(Short text fragments from websites)
*****

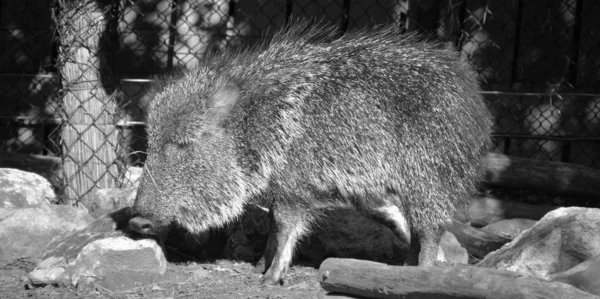 Cervos Pretos Jardim Zoológico — Fotografia de Stock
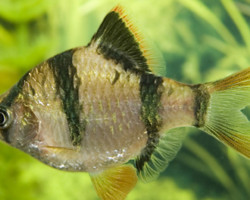 Puntigrus Tetrazona L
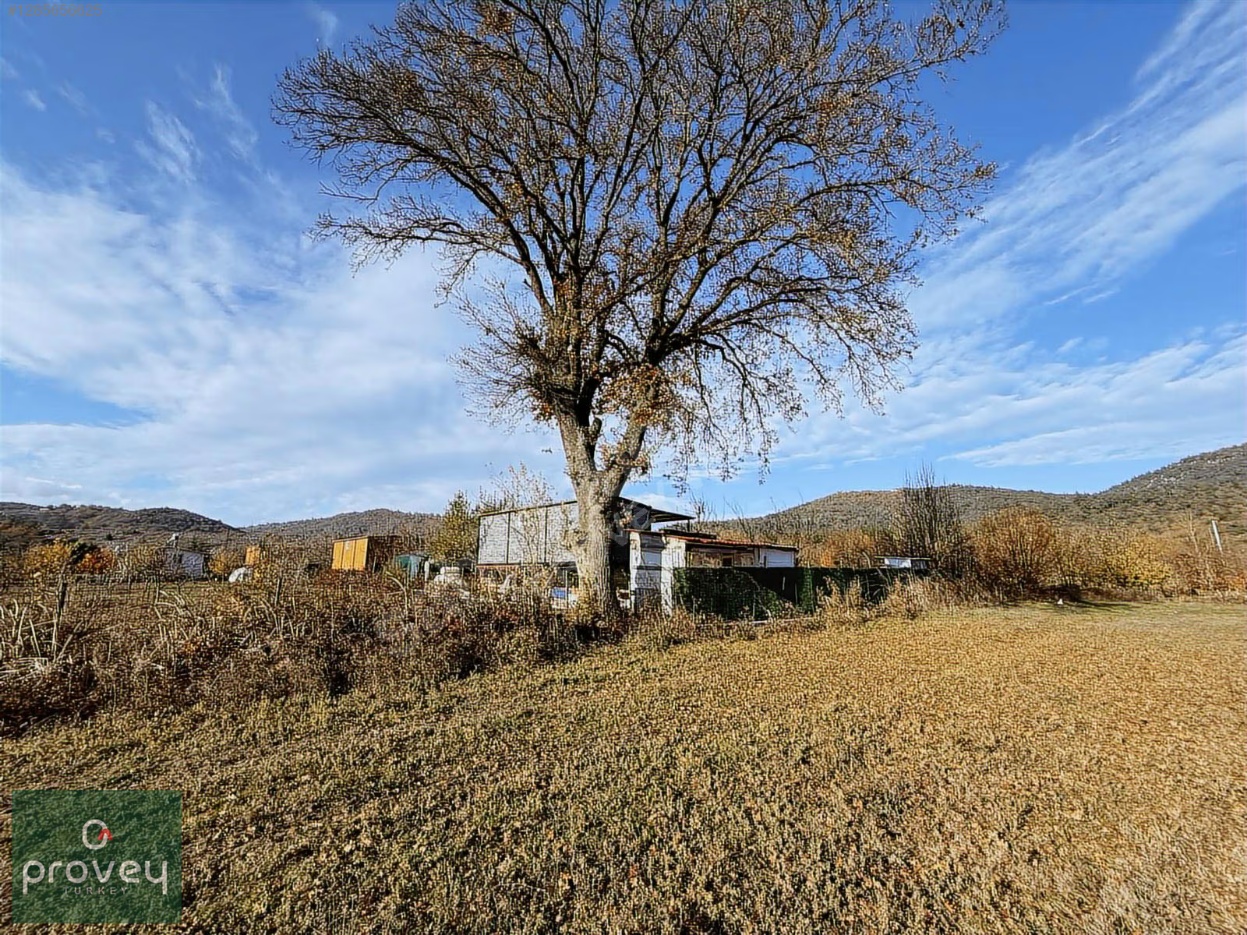 Provey Vera Kestel Gölcük Satılık Tarla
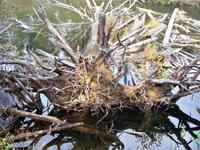 Eine Baumwurzel mal anders. Beeindruckend!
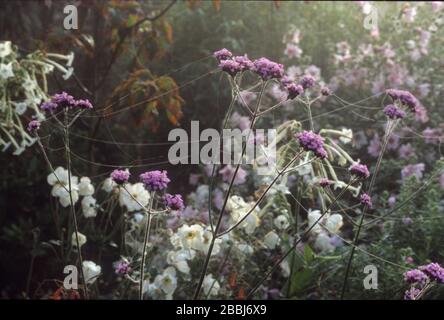 Verbena bonariensis e Anemone x ibrida 'Honorine Jobert' Foto Stock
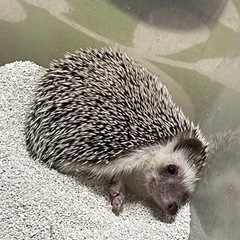 ハリネズミ＊女の子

*****

- WORK TASK: Output every record above exactly, leaving out the pictures.

- RESULT:
 Cervos Pretos Jardim Zoológico — Fotografia de Stock
 Puntigrus Tetrazona L
 Provey Vera Kestel Gölcük Satılık Tarla
 Eine Baumwurzel mal anders. Beeindruckend!
 Verbena bonariensis e Anemone x ibrida 'Honorine Jobert' Foto Stock
 ハリネズミ＊女の子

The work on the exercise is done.